Culture

Where Do I Start…

Oh yeah, right here:

“Caring for myself is not self-indulgence, it is self-preservation, and that is an act of political warfare.”

― Audre Lorde, A Burst of Light

And here:

Here too:

Do you feel me yet? Do you HEAR ME YET? DO YOU SEE US YET??? How many more times are thoughts and prayers going to be sent until someone realizes they aren’t for us? They aren’t for Indigenous women. Not for Black women. Not for the LGBTQ+ community. They are for the people sending them hoping that it is never them. Never Toyin, Sandra, Breonna, Natasha McKenna, Michelle Cusseaux, Riah Milton, Dominique “Rem’mie” Fells, Aubrey Dameron, Brittany Bearspaw, Brandy Wesaquate, Christine Cardinal, Loreal Tsinigie, Anthonette Christine Cayedito …Never them but used to make them look good. Socially aware. Empathetic. Woke.

It’s a blackout and empty words. A pop-culture phenomenon. Juneteenth being co-opted by companies like Wal-Mart (“it’s the freedom for me” tf?).A new idea for an Etsy store. Capitalist in form and hollow in nature. The only thing I want in black and white is a REASON. Effort. Evidence. Progress. An answer to the violent silence of this unanswered chaos. Because we are worth that. They are worth that.

I am tired. My heart hurts in a way that I haven’t experienced before.

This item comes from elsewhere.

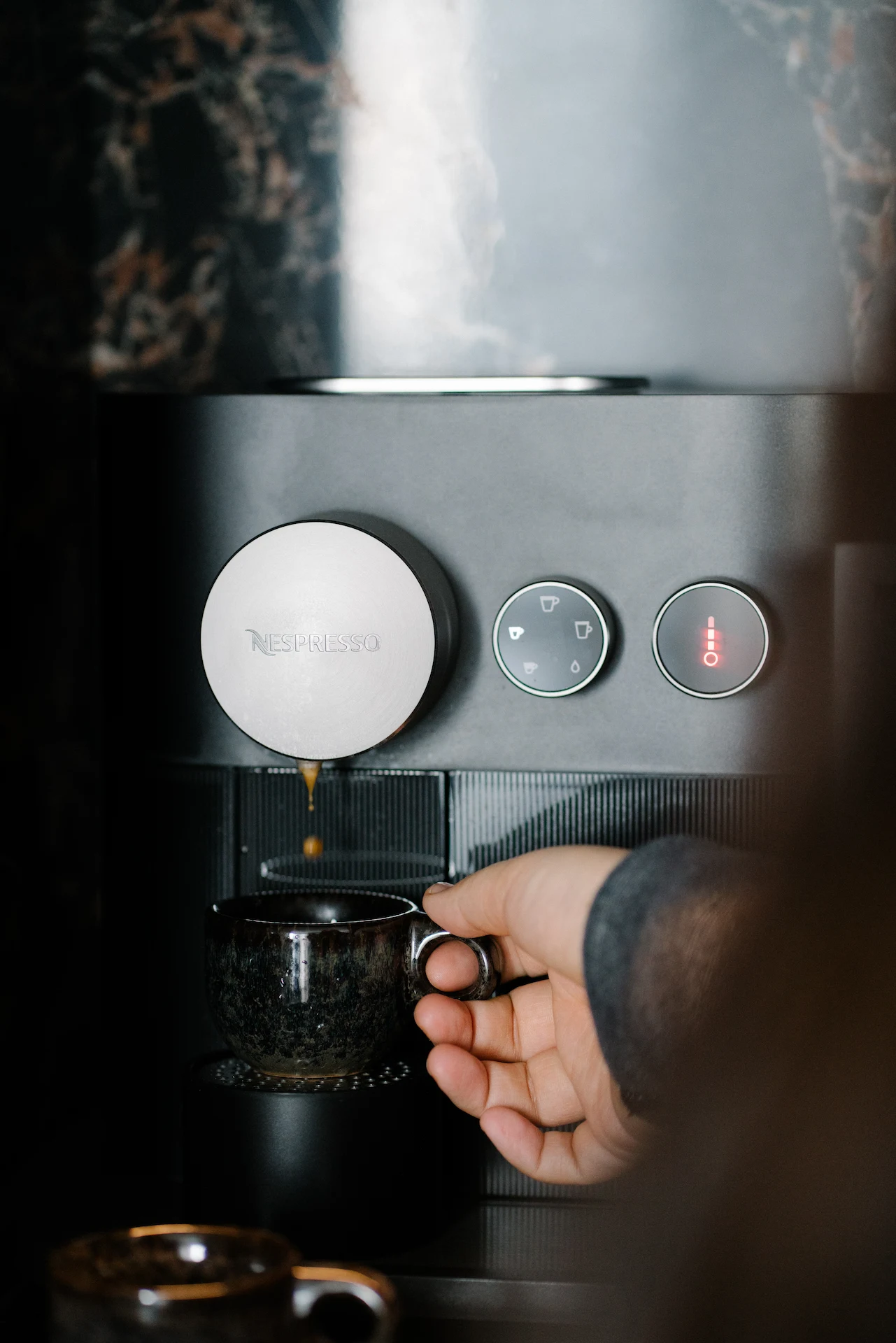 Guest brewing espresso with Nespresso machine on dark marble counter, holding glass cup beneath spout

My sleep is interrupted and restless. The days gone by will bear witness to the days ahead that will not sit well with my soul. Yet in the exhaustion that comes from the sting of repeat trauma, I have a fire.

My weariness does not come bound by complacency. Defeat. Or forfeiture of my worthiness to occupy the space those before I gave everything to create. It tempers my words and guides my hand. It has bestowed patience, introspection, and the breaking of old ways.

In the darkness, we find the light. Oft times, the darkness of the tomb is merely the moment before we exit the womb. I am tired. Do not misunderstand. Weary to my core. Hurt, disappointed, shaken, yet unsurprised. I am caught in the interstitial spaces between mourning the next trauma. Processing right now is a tense situation. But I won’t be stopped. I will not silence myself.

I have released the teaching that I should vie for the comfort of others even at the expense of my humanity. Change is not polite. Respect is not easily taken. Justice is not for the weak-hearted. We will push. We will progress. We will let their names be burned into every mind. Because they should be here.